Are noetherian schemes generically Jacobson?

Question: Let $X$ be a noetherian integral scheme. Is there a dense open subscheme $U\subset X$ such that $U$ is Jacobson?

I am happy to allow $X$ to be excellent and then the question of course immediately reduces to $X$ excellent and regular. Equivalently, we could also ask whether every noetherian/excellent scheme admits a stratification into Jacobson schemes.

Note that if $X=\mathrm{Spec}(A)$ is affine, then the Jacobson radical may be $0$ even though $X$ is not Jacobson. An example is $X=\mathrm{Spec}(D[x])$ where $D$ is a DVR (there are many closed points of $X$ sitting in the generic fiber over $\mathrm{Spec}(D)$).

What if $X$ is essentially of finite type over a field?

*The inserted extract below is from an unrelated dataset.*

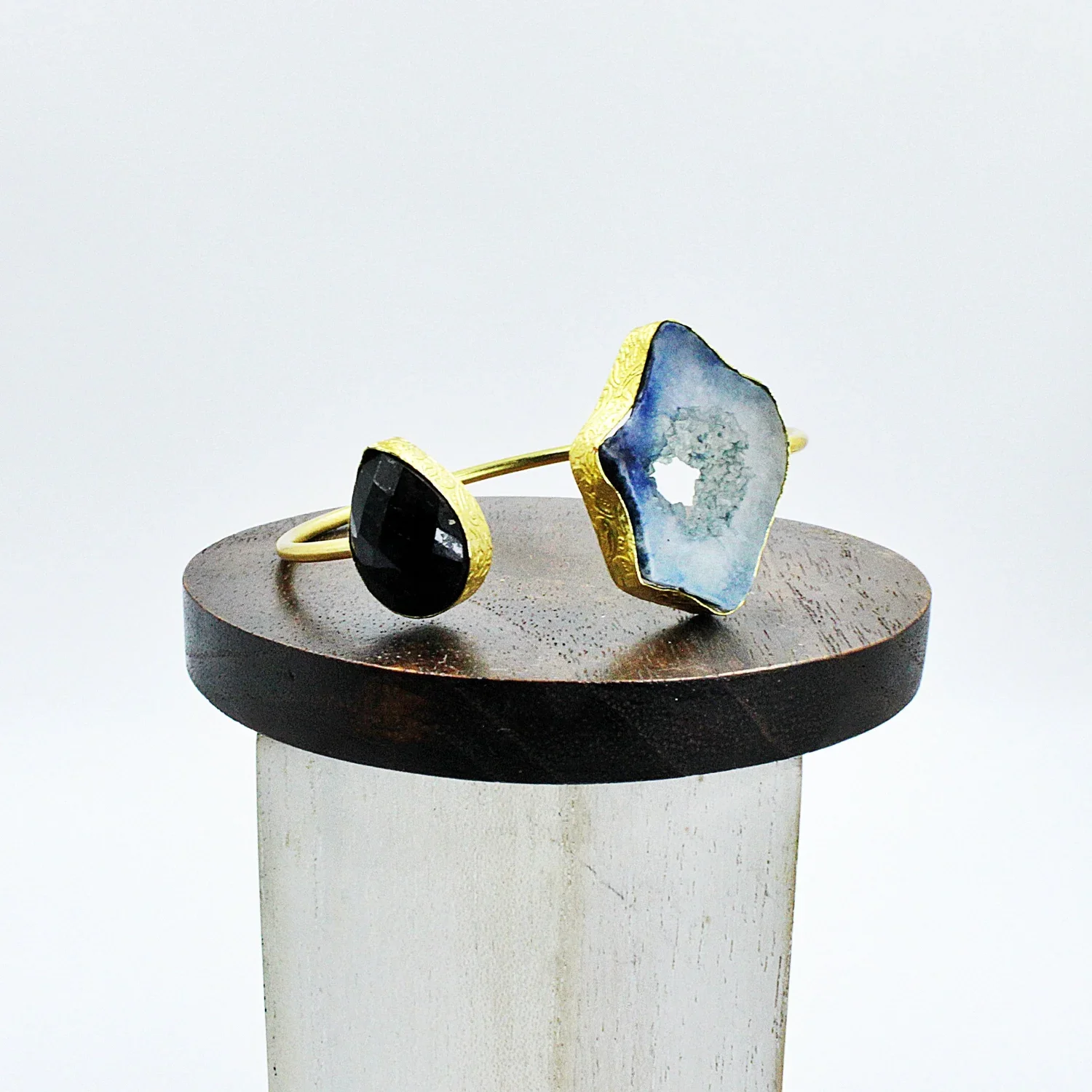 Gold bracelet with two large geode stones, one black and one blue, displayed on a wooden stand.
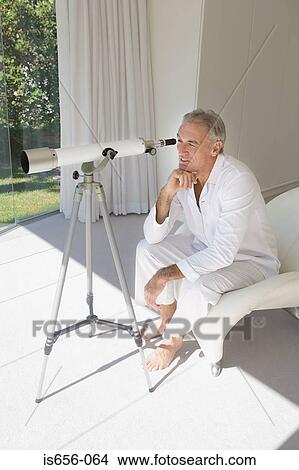 Mature man looking through telescope View Large Photo Image Picture - Mature man looking through telescope. Fotosearch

Here is a counterexample. Let $k$ be a field, $R=k[x,y]$. Choose a set $\Sigma$ of closed points of $\mathbb{A}^2_k=\mathrm{Spec}(R)$ such that:
(1) $\Sigma$ is Zariski-dense,
(2) for every $s\in\Sigma$ there is a curve $C$ containing $s$ such that $C\cap\Sigma$ is finite.
EDIT: (For instance, if $\mathrm{char}\,k=0$, take $\Sigma=\mathbb{Q}^2$, and for $s=(a,b)\in\Sigma$ take $C$ defined by $(x-a)^2+(y-b)^2=0$.)
Now let $R_1$ be the localization of $R$ at $\Sigma$, and $X=\mathrm{Spec}\,R_1$. Let $\emptyset\neq U\subset X_1$ be open. By (1), $U$ contains some $s\in \Sigma$, and by (2), $U$ has a one-dimensional closed subscheme with only finitely many closed points. Hence $U$ is not Jacobson.